It wasn't an FMLA eligible situation. He did a 180 from compassionate to putting me on a PIP on his way out the door, so I had to navigate extreme work stress on top of end of life/death. I can only hope he gets the most painful kind of cancer possible, tomorrow. Or as someone else said "who the F pips someone in that situation?"
My ADHD coping mechanisms were broken by this stress combo, and I'm so depressed--more from the PIP than anything else now-- that it's rare anymore to have one day where I'm NOT crying at my computer or randomly otherwise. I wake up devastated Sunday morning that tomorow is Monday and borderline suicidal Sunday night for months now. I have been remote since well before the pandemic and am killing myself when I'm not at work trying to find another remote job (necessary for me now), so I'm also beyond burned out from the job search every day.

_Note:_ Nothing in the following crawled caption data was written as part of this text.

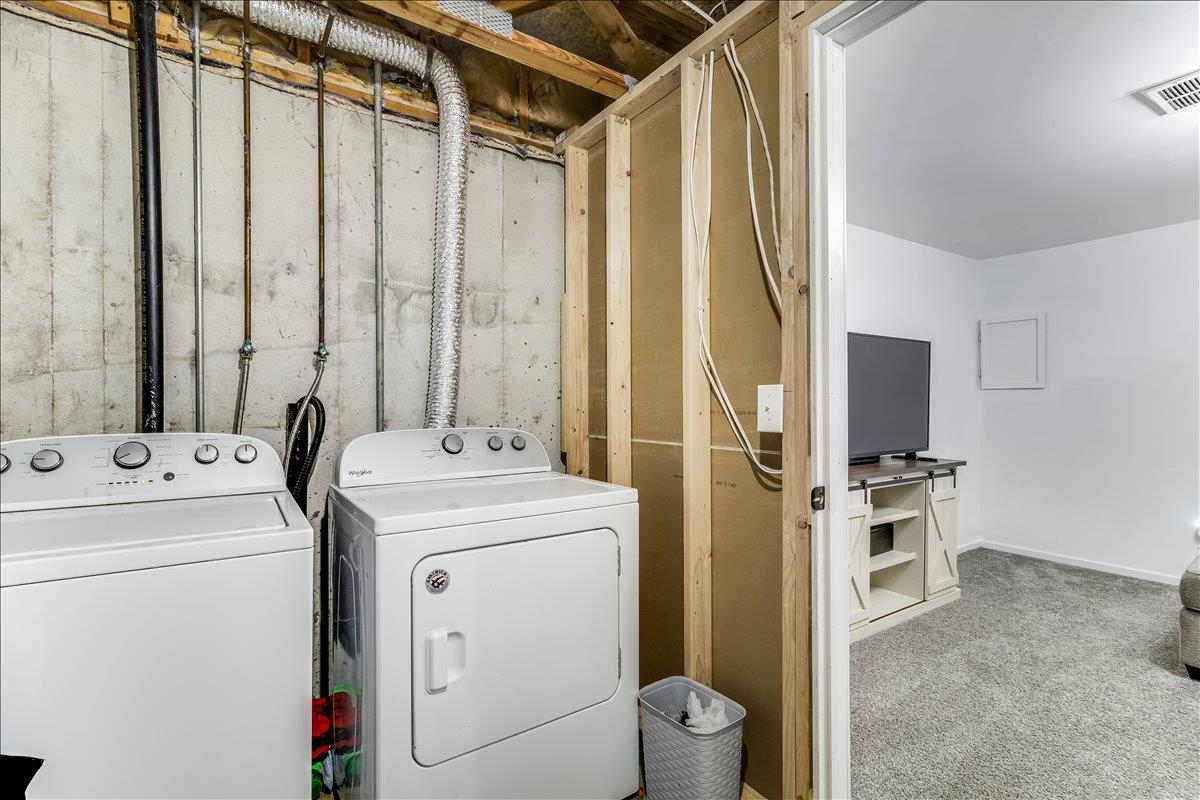 2213 N Fallen Tree Court Derby KS 67037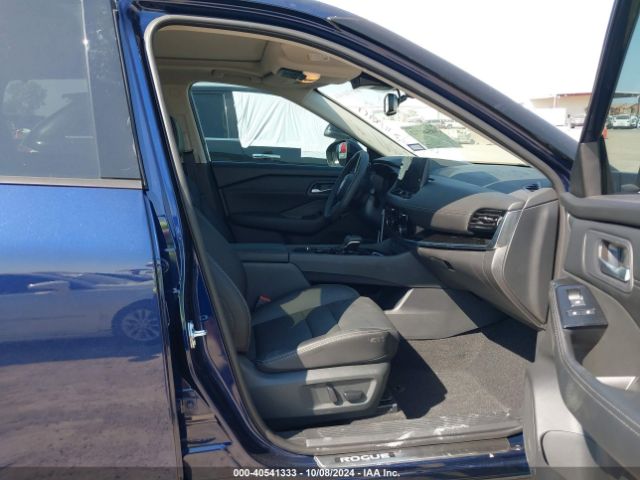 Photo 4 VIN: 5N1BT3CA6RC709917 - NISSAN ROGUE 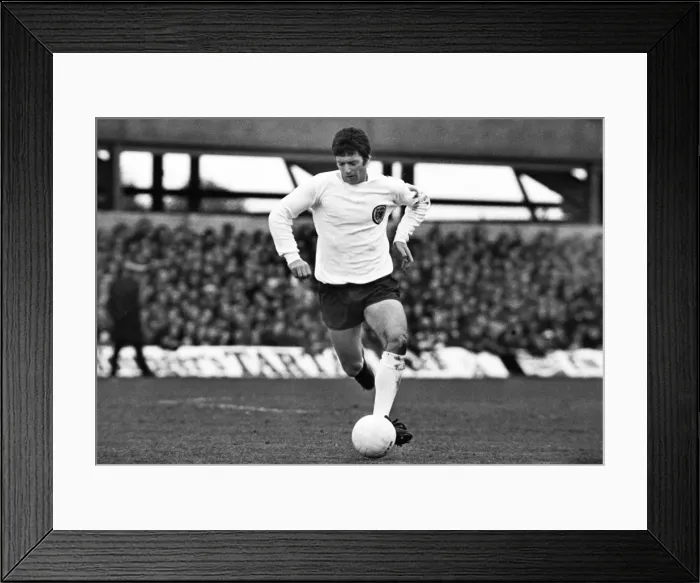 Framed Print : Scotlands Willie Morgan - 1973 British Home Championship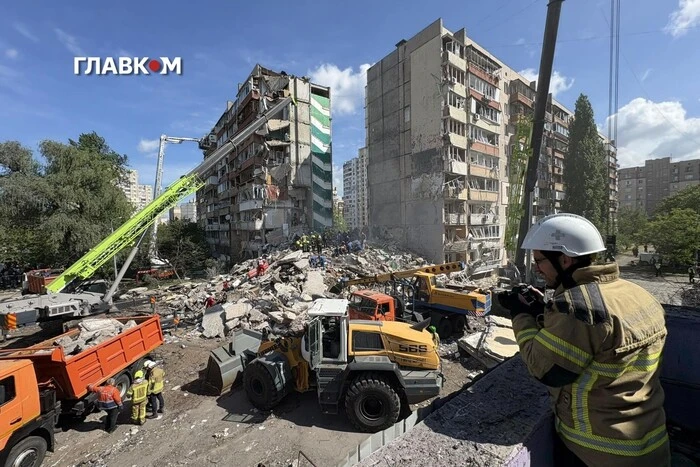 У Києві росіяни зруйнували будинок загиблого воїна: тіло його доньки знайшли під завалами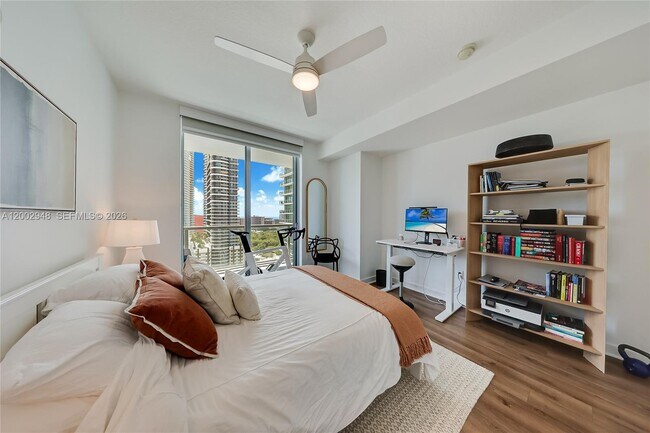 Building Photo - 1111 SW 1st Ave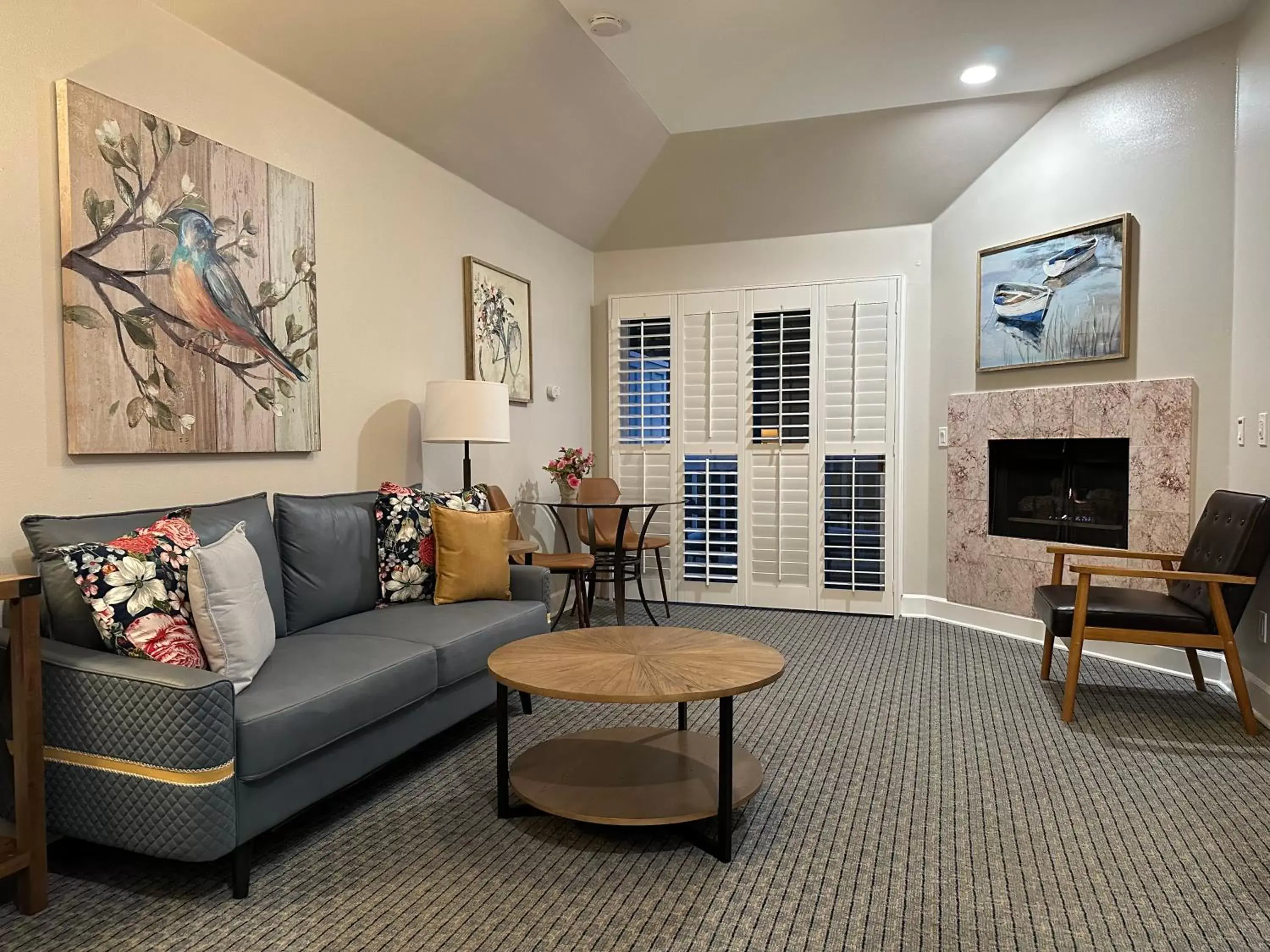 Living room, Seating Area in Bluebird Inn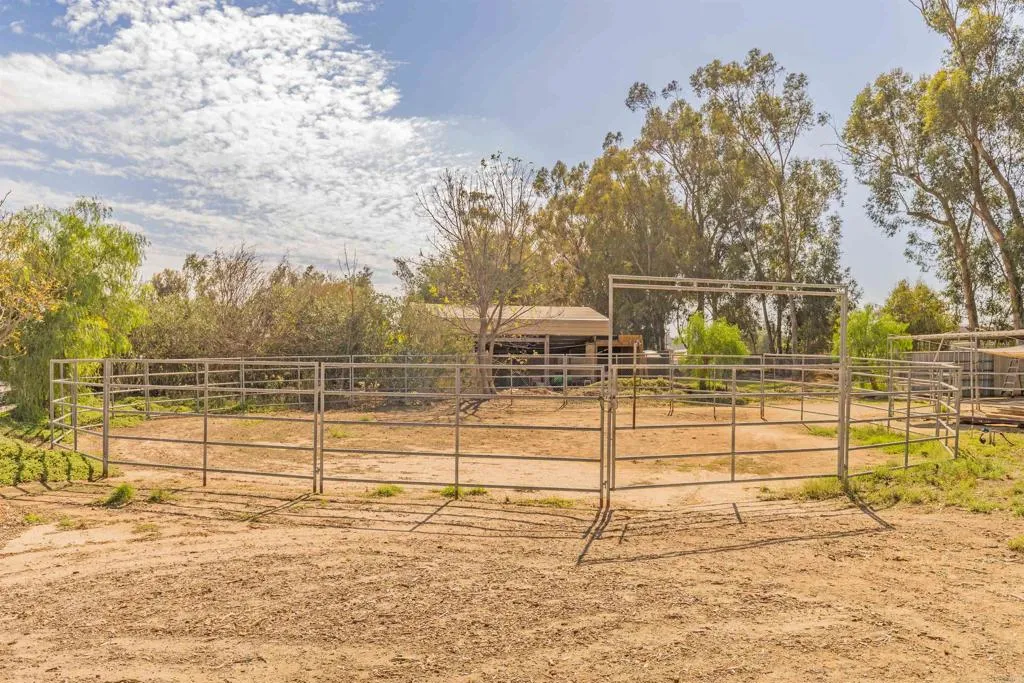 160 Pile, Ramona, CA 92065 160 Pile, Ramona, CA 92065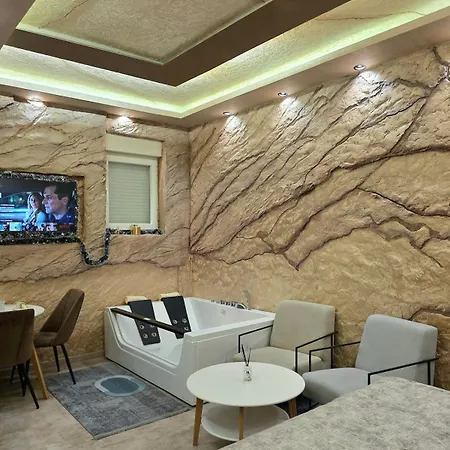Dior Apartment Novi Pazar - Luxury Jacuzzi Suite-3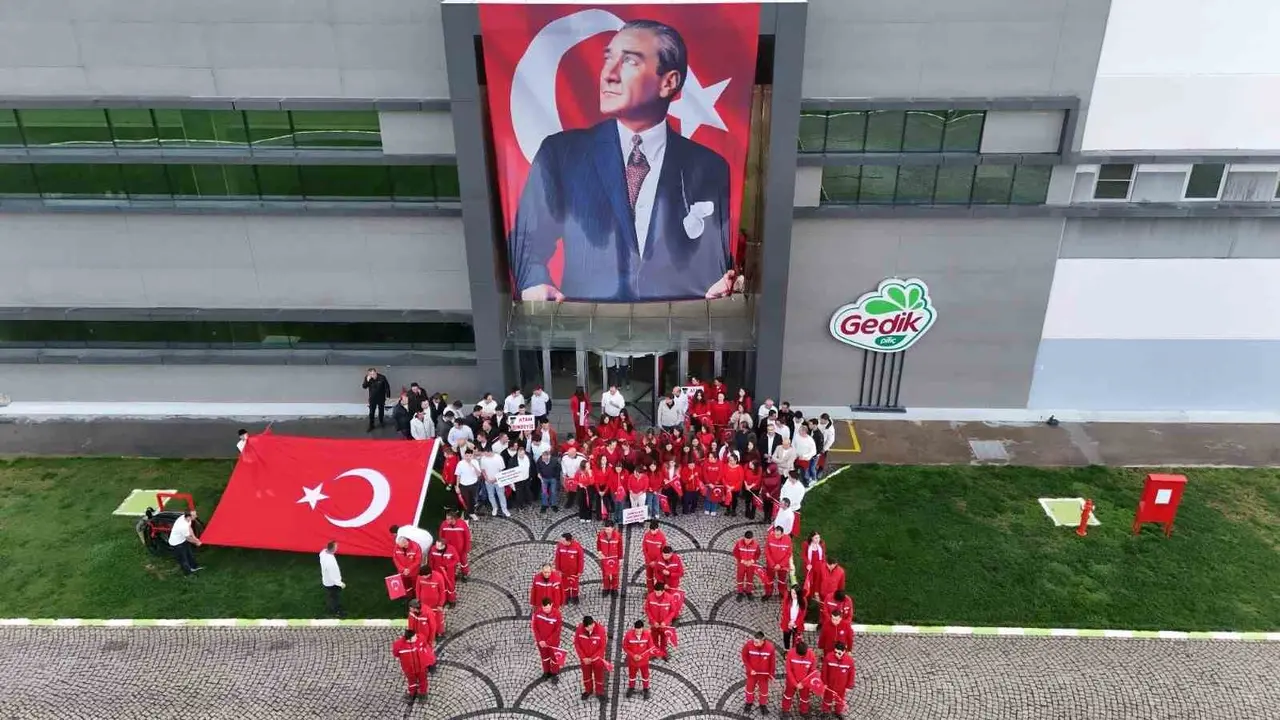 Gedik Piliç’te Cumhuriyet’in 103. yaşı coşkuyla kutlandı
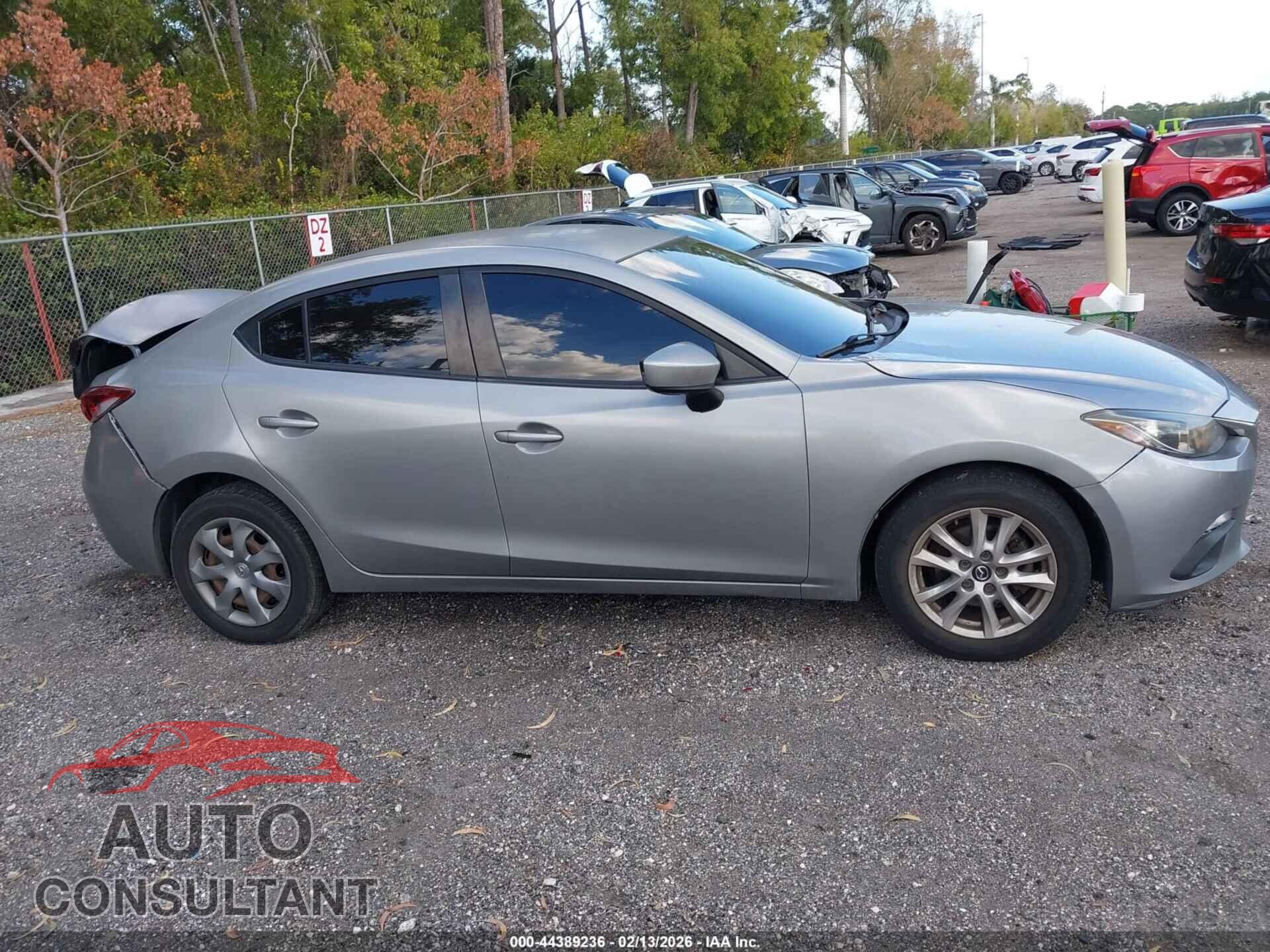 MAZDA MAZDA3 2015 - JM1BM1T73F1265171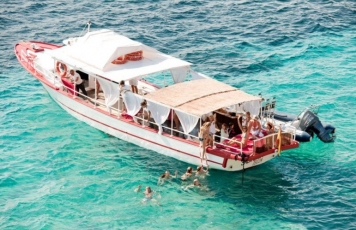 Private Luxury boat party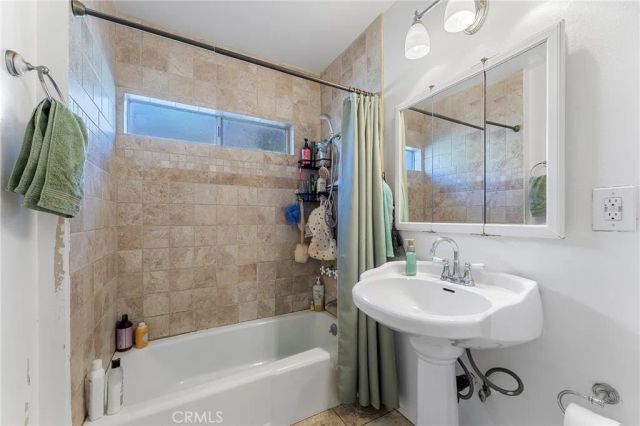 1800 N Avenue 55, Los Angeles, CA 90042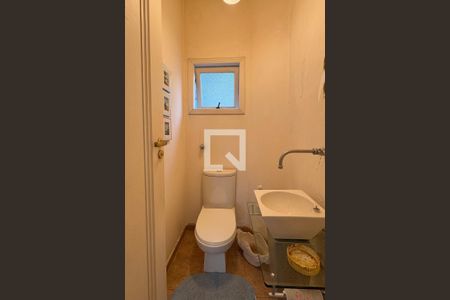 Casa de condomínio à venda com 450m², 4 quartos e 6 vagasLavabo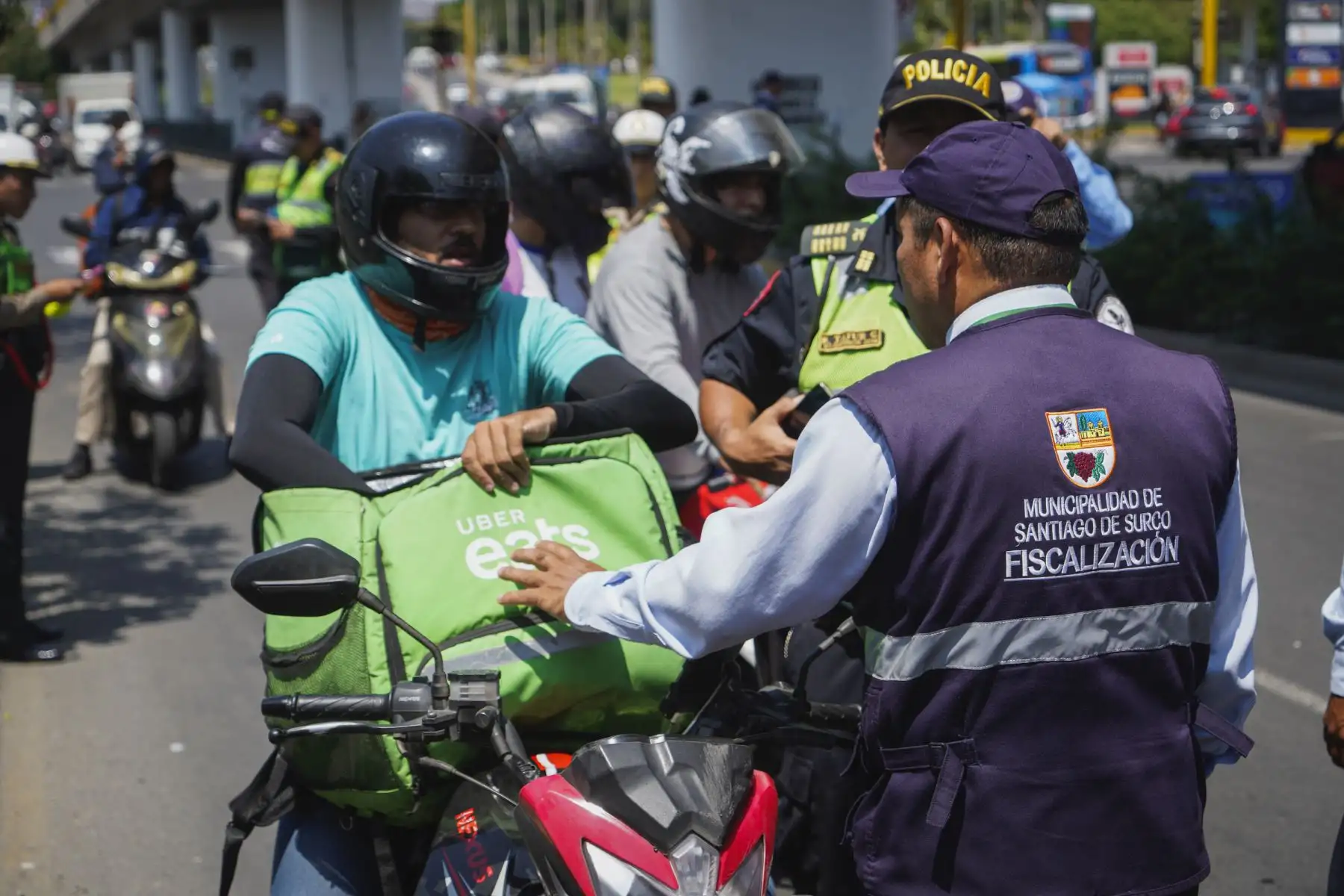 Con el fin de prevenir y disminuir los actos delictivos provocados por motociclistas, en su mayoría bajo la fachada de servicio de delivery, la Municipalidad de Surco y la Policía Nacional del Perú realizaron un mega operativo, encabezado por el alcalde Carlos Bruce.

Foto: ANDINA/Difusión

The other night, the phrase "killing myself" almost became literal, albeit because I was stewing about work and distracted, but this is totally destroying my mental and physical health. The PIP was supposed to end last week but my boss wouldn't give me a clear answer when I asked if I'd completed the outstanding items to her satisfaction, so I spent a chunk of time thinking I'd get bad news and focusing on my job search. Instead of caliing it done, they extended it with additional items despite my doing the things I was told to do in a previous week 1:1 to call it done. I have been pushing for them to just end the pip early (because it was so counterproductive to my ability to focus on ACTUAL work) but to no avail.....and then they extended it. I've been so miserable that I would totally take a huge pay cut for another remote job just to GTFO and yet I have had no luck with my search yet since I didn't really have bandwidth to start looking until the "after death" phase of this a few weeks ago. I have never disclosed my ADHD to anyone at work other than a colleague who is openly autistic who has been supportive and thinks disclosing might "level set" better with my manager; has anyone disclosed something like this in a difficult situation like this and had it help? Could it? The company seems like its allyship with neurodivergents is performative at best since there is no real willingness on anyone's part to respect what I need to be successful despite the million times I've mentioned neurodiversity in passing in discussions when I'm saying what I need to work best. I'm not asking for anything with a dollar value and what led to this would be hard fo r a neurotypical person! It's insanity to be punished for failing to be superhuman and then get additional time despite noted improvement because they want more than what they wanted 2 weeks ago to call this done.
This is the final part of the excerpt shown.